DATA UNDER STUDY:
━━━━━━━━━━━━━━━━━━━━━━━━━━━━━━
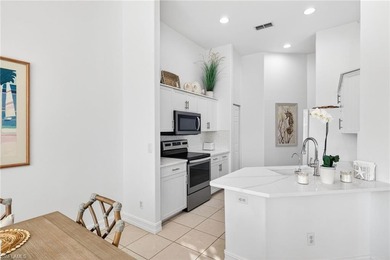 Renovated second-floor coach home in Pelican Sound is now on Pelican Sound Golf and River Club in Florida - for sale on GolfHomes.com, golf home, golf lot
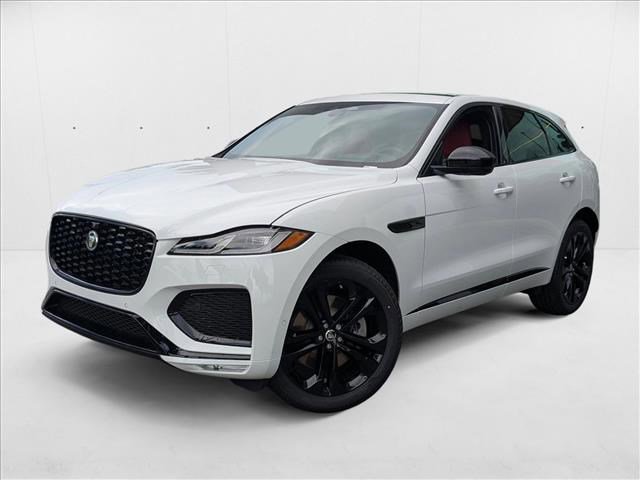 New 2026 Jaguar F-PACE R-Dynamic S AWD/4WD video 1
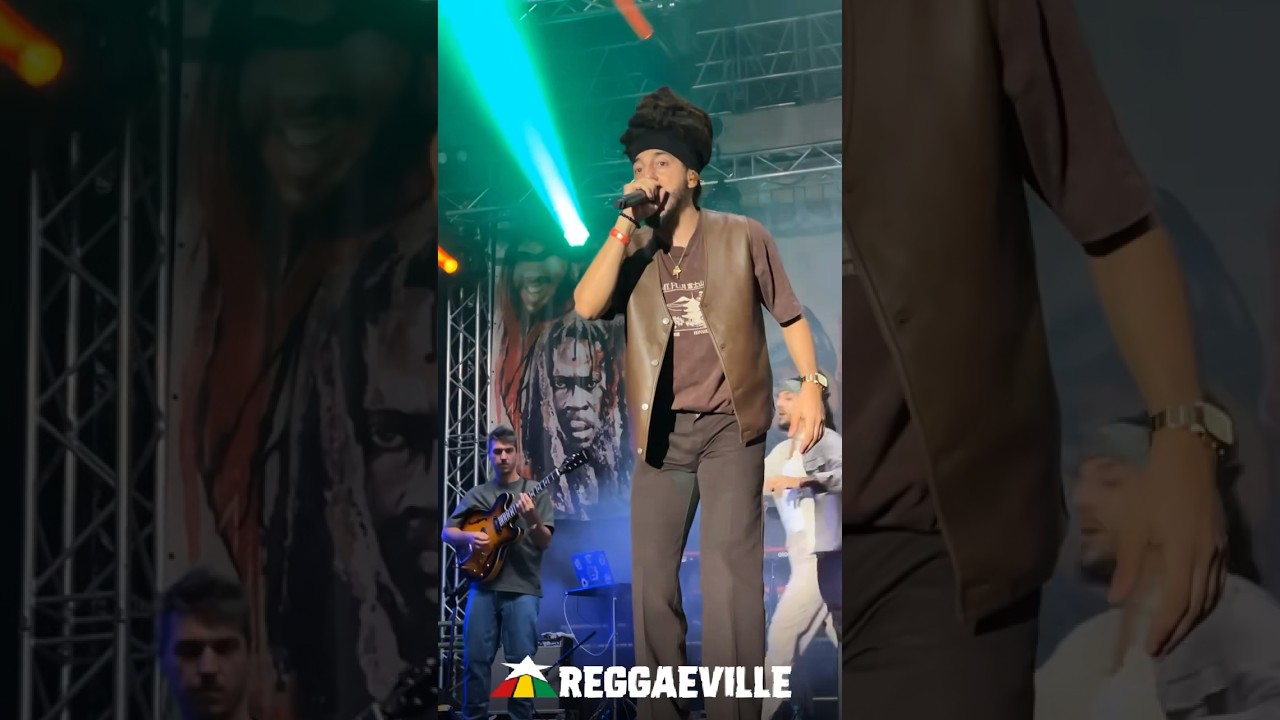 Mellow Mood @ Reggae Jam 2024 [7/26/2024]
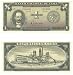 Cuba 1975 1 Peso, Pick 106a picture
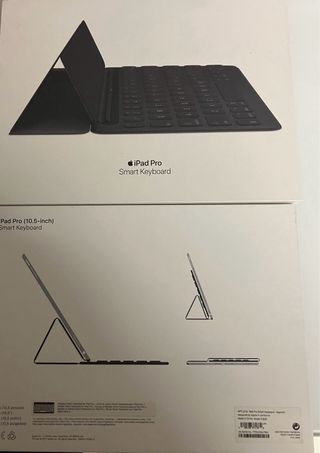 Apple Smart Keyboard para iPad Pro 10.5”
━━━━━━━━━━━━━━━━━━━━━━━━━━━━━━
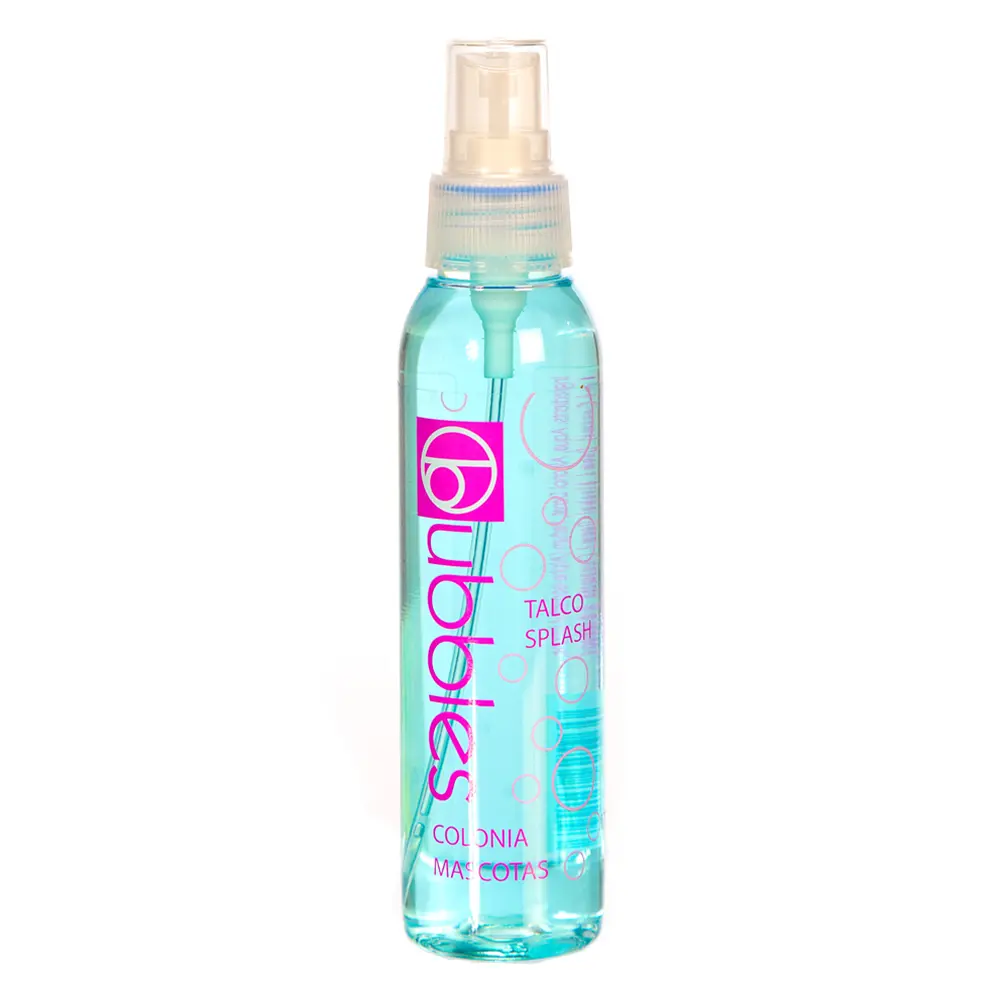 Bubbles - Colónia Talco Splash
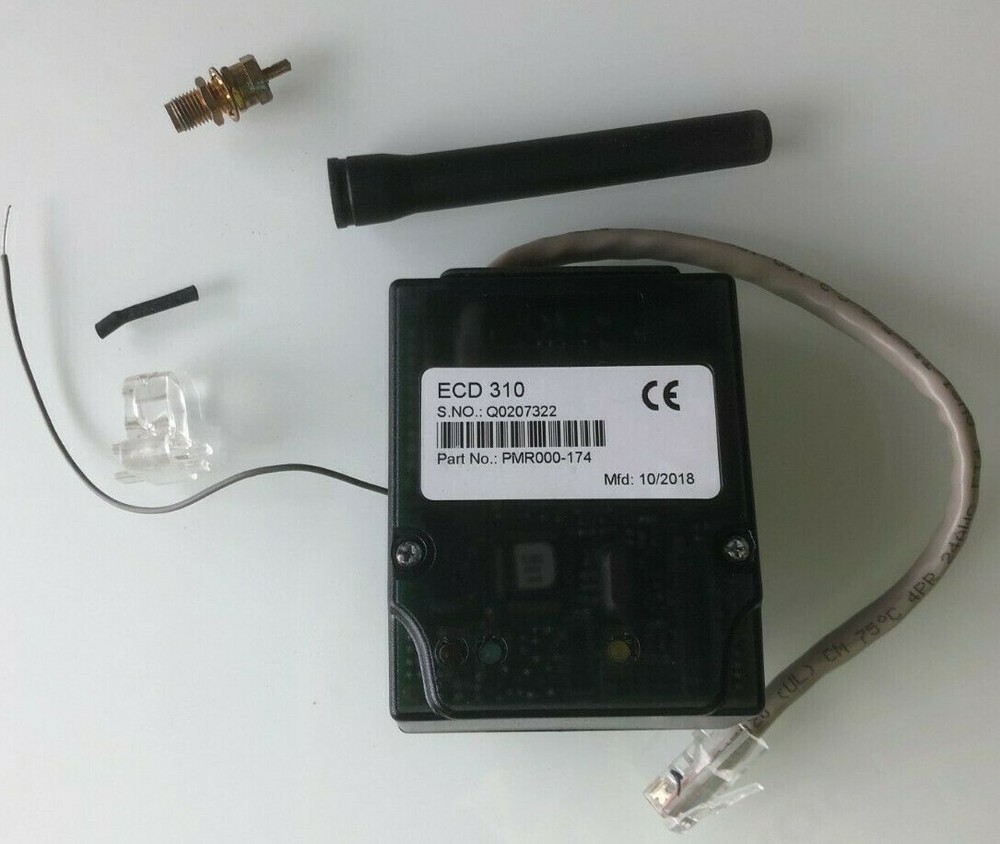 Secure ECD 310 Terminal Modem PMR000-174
━━━━━━━━━━━━━━━━━━━━━━━━━━━━━━
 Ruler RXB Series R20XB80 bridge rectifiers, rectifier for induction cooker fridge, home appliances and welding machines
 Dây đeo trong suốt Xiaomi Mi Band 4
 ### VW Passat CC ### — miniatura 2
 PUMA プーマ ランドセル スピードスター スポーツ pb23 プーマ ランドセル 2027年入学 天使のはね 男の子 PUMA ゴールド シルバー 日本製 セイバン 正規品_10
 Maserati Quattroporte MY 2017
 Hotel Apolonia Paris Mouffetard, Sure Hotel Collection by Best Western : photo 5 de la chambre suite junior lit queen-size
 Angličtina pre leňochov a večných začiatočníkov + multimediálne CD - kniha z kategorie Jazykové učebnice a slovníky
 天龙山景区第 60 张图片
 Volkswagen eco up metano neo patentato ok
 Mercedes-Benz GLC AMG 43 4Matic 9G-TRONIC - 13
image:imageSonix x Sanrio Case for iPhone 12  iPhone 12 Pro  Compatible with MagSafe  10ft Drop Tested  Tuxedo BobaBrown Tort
━━━━━━━━━━━━━━━━━━━━━━━━━━━━━━
AIM OF THE EXERCISE: Go back to the listing above. Copy word for word the lines from the one with "Hotel Apolonia Paris" through the one with "image:imageSonix x Sanrio", and nothing more.

EXERCISE OUTPUT:
 Hotel Apolonia Paris Mouffetard, Sure Hotel Collection by Best Western : photo 5 de la chambre suite junior lit queen-size
 Angličtina pre leňochov a večných začiatočníkov + multimediálne CD - kniha z kategorie Jazykové učebnice a slovníky
 天龙山景区第 60 张图片
 Volkswagen eco up metano neo patentato ok
 Mercedes-Benz GLC AMG 43 4Matic 9G-TRONIC - 13
image:imageSonix x Sanrio Case for iPhone 12  iPhone 12 Pro  Compatible with MagSafe  10ft Drop Tested  Tuxedo BobaBrown Tort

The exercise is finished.